Sunday, September 30

Militant Eroticism: The ART+Positive Archives 

Dr. Daniel Berger (Co-Editor | Militant Eroticism: The ART+Positive Archives, Collector, Founder of Iceberg Projects), Lola Flash (Artist, Art+Positive Member), and John Neff (Co-Editor | Militant Eroticism: The ART+Positive Archives, Lecturer | SAIC)

Lola Flash is an artist, activist and night club impresario. In conversation with Berger and Neff, Flash discussed her work with the ACT UP New York affinity group Art+Positive during the late 1980s and early 1990s. During that time, she participated in Art+Positive’s 1990 exhibition at Columbia University and the collective's show Army of Lovers at PS120 (alongside artists including Diamanda Galas, Nan Goldin, Ray Navarro, and David Wojnarowicz). Widely known as the organizer of New York's Clit Club, many will also recognize Flash as one of the lovers in Gran Fury's project Kissing Doesn’t Kill: Greed and Indifference Do. Dr. Dan Berger is Director of Iceberg Projects and a leading HIV physician in the United States. Berger recently curated David Wojnarowicz: Flesh of My Flesh at Iceberg Projects. John Neff is an artist, curator, educator and founding board member of Iceberg Projects. His work has been exhibited at venues including Artists Space, New York; the Museum of Contemporary Art Chicago; the Philadelphia Museum of Art; and the Renaissance Society at the University of Chicago. Berger and Neff are co-editors of Militant Eroticism: The Art+Positive Archives, published by Sternberg Press in December of 2017.  Followed by a book signing


The Underground Railroad Imaginary

Dawoud Bey (Artist | Stephen Daiter Gallery, Rena Bransten Gallery), Leigh Raiford (Associate Professor, Department of African American Studies, University of California, Berkeley), Steven Nelson (Professor, African and African American Art, UCLA Department of Art History). Moderated by Michelle Grabner (Artist | James Cohan, Professor, Painting and Drawing | SAIC, Curator | FRONT International). 

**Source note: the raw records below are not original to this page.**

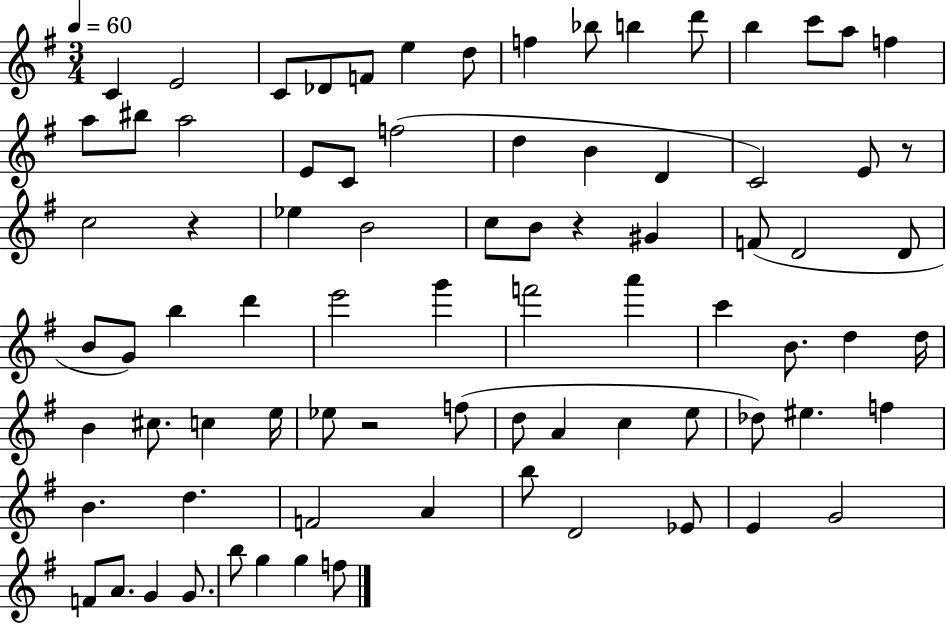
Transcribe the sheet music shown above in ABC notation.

X:1
T:Untitled
M:3/4
L:1/4
K:G
C E2 C/2 _D/2 F/2 e d/2 f _b/2 b d'/2 b c'/2 a/2 f a/2 ^b/2 a2 E/2 C/2 f2 d B D C2 E/2 z/2 c2 z _e B2 c/2 B/2 z ^G F/2 D2 D/2 B/2 G/2 b d' e'2 g' f'2 a' c' B/2 d d/4 B ^c/2 c e/4 _e/2 z2 f/2 d/2 A c e/2 _d/2 ^e f B d F2 A b/2 D2 _E/2 E G2 F/2 A/2 G G/2 b/2 g g f/2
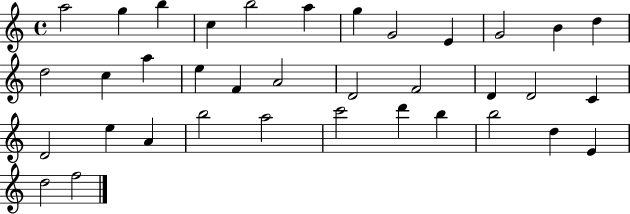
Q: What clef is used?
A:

This discussion was held on the occasion of the newest commissioned work of 2017 MacArthur Fellow Dawoud Bey, entitled Night Coming Tenderly, Black, on view as part of FRONT International, the Cleveland Triennial for Contemporary Art. Installed in St. John's Episcopal Church, a stop on the Underground Railroad in the nineteenth century, Bey’s recent series of photographs evoke the imagined experience of escaped slaves—moving northward through Cleveland and the surrounding area to Lake Erie, before boarding boats bound for Canada. Through brooding photographic prints, Bey seeks to reconstruct the experience of moving through a strange city and landscape under cover of night. In conversation with scholars Leigh Raiford and Steven Nelson, and moderated by Curator of FRONT International Michelle Grabner, this discussion expanded on the artist's continued interest in the ways in which history can be engaged, invoked, and materialized in the contemporary moment in relation to African American history and experience. Presented in partnership FRONT International and Observer. Followed by a book signing.